## What you have to do
Exactly as they appear below, repeat the lines from the one with "Thrasta, Tempest's Roar FOIL" through the one with "中国撒尿 BBwBBwBBw 毛相关内容引发热议探讨", and no others.

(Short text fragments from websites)
□ □ □ □
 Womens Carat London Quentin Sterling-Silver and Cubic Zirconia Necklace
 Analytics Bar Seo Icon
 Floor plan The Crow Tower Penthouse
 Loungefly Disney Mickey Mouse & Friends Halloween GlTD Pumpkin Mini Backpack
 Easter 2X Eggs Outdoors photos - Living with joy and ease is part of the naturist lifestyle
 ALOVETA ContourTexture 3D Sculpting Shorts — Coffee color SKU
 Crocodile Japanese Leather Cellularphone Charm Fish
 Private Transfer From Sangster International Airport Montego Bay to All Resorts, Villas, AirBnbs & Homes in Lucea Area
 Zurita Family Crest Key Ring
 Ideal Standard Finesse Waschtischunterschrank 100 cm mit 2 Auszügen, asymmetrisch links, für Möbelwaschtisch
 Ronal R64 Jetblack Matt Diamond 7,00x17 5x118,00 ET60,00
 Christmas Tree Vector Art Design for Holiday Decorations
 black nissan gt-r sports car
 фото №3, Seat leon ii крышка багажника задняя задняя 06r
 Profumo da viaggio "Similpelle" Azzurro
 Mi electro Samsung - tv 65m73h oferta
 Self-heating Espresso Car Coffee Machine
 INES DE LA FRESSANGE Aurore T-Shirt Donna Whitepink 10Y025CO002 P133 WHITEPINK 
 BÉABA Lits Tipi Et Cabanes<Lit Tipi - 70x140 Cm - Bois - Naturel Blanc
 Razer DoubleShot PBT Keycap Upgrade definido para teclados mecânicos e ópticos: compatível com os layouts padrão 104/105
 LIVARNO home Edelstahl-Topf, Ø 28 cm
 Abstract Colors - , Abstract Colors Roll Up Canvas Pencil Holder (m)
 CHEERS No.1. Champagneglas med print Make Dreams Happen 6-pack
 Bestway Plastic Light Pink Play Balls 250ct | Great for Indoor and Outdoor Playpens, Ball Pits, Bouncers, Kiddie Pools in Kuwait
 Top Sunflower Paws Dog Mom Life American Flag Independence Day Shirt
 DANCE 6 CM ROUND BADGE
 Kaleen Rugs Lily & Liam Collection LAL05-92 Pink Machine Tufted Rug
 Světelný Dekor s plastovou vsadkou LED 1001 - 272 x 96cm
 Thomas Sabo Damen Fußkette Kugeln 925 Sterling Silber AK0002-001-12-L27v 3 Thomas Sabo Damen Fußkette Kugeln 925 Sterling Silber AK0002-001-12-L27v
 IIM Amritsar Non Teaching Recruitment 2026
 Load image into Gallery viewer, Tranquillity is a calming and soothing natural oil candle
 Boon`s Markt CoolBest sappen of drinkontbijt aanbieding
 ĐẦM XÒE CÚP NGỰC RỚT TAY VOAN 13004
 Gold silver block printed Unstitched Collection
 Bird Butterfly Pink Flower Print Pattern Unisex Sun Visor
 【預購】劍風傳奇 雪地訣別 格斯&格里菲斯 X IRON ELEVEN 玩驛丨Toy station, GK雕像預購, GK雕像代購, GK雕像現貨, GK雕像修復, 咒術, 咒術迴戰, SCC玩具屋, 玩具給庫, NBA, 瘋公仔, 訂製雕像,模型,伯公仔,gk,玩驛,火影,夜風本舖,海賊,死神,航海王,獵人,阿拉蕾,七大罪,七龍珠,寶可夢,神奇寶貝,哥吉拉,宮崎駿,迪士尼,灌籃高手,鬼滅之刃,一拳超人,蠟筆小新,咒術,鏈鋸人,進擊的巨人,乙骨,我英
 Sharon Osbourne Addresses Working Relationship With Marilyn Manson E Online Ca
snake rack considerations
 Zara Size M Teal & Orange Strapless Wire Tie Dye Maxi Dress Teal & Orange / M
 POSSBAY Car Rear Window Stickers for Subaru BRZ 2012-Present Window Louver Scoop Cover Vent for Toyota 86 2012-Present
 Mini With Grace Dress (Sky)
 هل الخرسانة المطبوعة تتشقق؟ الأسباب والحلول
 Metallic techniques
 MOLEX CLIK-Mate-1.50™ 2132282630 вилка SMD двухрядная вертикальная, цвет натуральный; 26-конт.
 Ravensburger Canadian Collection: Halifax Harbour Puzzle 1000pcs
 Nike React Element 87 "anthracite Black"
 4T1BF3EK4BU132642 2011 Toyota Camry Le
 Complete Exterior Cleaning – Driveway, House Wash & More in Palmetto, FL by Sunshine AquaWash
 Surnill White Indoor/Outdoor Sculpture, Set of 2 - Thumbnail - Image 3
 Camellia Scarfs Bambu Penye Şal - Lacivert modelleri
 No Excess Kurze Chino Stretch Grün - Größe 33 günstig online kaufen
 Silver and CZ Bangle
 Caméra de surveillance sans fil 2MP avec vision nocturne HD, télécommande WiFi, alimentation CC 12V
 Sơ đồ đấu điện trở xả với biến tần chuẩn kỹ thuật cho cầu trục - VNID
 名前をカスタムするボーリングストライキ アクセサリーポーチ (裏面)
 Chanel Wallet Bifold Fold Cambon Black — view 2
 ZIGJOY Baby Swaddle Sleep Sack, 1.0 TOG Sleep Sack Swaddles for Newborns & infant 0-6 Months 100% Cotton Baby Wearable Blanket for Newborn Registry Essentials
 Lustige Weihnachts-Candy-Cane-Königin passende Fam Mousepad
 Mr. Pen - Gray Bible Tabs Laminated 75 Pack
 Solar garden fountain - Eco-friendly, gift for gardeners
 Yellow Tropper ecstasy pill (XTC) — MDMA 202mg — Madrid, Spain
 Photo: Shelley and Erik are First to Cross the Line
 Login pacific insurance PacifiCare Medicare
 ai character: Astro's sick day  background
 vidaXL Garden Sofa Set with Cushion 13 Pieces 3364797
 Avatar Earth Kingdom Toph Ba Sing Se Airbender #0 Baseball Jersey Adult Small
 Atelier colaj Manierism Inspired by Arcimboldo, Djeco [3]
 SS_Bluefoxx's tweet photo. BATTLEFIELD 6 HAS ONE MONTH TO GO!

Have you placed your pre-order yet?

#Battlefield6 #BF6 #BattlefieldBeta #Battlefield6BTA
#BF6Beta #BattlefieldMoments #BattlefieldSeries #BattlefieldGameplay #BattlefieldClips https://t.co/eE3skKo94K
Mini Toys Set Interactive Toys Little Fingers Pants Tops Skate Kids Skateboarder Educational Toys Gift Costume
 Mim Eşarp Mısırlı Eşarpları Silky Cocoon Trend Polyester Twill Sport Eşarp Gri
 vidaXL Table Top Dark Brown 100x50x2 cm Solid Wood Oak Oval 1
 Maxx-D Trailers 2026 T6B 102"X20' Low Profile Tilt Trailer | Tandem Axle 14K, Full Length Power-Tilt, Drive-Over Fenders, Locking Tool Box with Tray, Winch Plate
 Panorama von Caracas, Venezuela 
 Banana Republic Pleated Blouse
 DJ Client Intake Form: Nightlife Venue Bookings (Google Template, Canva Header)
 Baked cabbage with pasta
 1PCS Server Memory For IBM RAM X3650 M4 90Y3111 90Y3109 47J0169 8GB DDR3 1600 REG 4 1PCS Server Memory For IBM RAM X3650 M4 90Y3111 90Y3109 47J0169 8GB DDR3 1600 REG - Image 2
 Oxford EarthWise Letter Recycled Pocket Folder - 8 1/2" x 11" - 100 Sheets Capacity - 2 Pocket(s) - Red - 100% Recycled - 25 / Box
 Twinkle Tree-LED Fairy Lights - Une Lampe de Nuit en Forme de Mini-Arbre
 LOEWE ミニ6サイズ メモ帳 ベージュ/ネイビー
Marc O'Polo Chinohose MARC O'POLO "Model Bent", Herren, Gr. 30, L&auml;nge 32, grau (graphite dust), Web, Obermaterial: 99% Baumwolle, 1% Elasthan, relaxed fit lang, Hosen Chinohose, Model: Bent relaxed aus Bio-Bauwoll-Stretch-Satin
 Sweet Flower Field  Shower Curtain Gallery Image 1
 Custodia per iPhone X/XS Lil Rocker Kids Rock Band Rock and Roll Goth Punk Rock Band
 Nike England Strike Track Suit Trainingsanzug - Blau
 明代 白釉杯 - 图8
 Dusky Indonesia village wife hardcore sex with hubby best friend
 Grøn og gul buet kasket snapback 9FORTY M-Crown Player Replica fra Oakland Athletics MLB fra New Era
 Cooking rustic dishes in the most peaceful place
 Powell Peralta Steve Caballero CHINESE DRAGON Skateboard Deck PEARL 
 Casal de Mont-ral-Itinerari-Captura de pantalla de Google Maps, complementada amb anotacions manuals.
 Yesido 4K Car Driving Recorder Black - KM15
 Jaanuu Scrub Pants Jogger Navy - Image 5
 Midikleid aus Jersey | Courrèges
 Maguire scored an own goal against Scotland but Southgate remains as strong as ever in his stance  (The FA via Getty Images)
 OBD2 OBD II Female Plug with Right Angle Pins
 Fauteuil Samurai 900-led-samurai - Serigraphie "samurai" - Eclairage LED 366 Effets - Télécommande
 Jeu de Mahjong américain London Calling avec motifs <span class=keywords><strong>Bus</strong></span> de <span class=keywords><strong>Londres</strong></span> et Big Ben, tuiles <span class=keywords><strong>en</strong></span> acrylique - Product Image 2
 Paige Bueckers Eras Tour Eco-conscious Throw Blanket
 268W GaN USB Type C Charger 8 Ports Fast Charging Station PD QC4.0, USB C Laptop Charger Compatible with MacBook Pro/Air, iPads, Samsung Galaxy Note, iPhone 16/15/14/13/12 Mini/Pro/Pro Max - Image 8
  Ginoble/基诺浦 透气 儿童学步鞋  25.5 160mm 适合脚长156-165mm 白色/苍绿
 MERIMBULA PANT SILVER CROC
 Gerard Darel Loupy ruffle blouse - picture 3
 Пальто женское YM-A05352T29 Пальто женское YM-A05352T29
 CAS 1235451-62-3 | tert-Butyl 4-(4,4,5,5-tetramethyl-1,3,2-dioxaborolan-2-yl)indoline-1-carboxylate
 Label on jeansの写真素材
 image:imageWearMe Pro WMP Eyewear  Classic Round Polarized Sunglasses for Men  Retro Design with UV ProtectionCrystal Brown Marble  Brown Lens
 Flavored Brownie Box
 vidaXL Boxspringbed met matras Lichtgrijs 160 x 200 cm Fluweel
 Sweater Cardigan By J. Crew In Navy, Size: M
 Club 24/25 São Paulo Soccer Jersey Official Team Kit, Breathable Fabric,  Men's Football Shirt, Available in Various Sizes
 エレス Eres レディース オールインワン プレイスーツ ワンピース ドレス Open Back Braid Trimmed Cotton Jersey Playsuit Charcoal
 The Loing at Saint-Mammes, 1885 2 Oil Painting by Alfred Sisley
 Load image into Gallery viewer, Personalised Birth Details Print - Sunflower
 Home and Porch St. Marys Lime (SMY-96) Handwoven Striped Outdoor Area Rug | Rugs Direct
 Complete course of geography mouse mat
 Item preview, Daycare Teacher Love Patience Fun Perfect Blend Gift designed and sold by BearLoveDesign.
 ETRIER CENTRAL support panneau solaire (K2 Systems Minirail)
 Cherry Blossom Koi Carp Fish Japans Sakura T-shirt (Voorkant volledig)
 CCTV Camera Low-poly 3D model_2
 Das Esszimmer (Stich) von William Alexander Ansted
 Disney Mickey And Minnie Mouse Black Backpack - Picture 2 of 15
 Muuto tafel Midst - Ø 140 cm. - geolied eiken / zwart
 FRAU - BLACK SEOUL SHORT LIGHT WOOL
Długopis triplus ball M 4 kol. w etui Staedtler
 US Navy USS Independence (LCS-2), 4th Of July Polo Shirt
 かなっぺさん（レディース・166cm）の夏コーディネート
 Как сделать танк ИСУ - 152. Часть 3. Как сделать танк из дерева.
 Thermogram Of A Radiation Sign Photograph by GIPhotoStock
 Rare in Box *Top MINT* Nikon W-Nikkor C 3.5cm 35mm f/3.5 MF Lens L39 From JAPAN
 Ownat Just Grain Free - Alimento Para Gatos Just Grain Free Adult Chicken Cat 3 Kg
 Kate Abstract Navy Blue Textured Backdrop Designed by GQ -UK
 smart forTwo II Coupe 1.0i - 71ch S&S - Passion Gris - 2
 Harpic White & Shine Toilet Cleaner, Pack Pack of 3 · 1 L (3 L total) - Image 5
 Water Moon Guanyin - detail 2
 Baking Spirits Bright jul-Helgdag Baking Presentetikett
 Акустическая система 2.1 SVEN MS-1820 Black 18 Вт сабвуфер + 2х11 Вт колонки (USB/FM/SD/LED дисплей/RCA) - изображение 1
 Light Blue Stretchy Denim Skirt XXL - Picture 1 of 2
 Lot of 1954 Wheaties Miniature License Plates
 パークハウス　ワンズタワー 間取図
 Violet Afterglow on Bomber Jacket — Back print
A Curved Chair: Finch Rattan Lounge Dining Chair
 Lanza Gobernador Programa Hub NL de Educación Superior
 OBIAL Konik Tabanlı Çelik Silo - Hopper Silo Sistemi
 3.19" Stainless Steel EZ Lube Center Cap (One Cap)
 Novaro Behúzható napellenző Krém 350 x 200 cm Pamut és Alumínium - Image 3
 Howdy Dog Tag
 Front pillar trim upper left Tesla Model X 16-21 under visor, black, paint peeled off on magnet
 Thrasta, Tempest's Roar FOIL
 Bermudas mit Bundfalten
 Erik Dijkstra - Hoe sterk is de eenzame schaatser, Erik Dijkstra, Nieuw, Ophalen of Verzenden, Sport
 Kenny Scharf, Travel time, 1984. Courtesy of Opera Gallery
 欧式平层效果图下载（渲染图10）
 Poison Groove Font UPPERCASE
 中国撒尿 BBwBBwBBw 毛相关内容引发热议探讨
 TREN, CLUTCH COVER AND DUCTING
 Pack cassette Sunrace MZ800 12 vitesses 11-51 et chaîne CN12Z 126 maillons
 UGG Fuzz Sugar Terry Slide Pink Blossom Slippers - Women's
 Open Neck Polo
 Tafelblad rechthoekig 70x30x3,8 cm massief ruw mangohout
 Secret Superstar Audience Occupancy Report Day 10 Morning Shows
□ □ □ □
## Your solution
 Thrasta, Tempest's Roar FOIL
 Bermudas mit Bundfalten
 Erik Dijkstra - Hoe sterk is de eenzame schaatser, Erik Dijkstra, Nieuw, Ophalen of Verzenden, Sport
 Kenny Scharf, Travel time, 1984. Courtesy of Opera Gallery
 欧式平层效果图下载（渲染图10）
 Poison Groove Font UPPERCASE
 中国撒尿 BBwBBwBBw 毛相关内容引发热议探讨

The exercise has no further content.